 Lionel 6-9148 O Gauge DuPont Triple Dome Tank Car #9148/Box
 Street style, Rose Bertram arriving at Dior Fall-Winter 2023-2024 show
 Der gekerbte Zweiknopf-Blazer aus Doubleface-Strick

*Work item*
Every line from the one holding "Street style, Rose" through the last line of the listing above should be set down exactly, and nothing more.

*Expected answer*
 Street style, Rose Bertram arriving at Dior Fall-Winter 2023-2024 show
 Der gekerbte Zweiknopf-Blazer aus Doubleface-Strick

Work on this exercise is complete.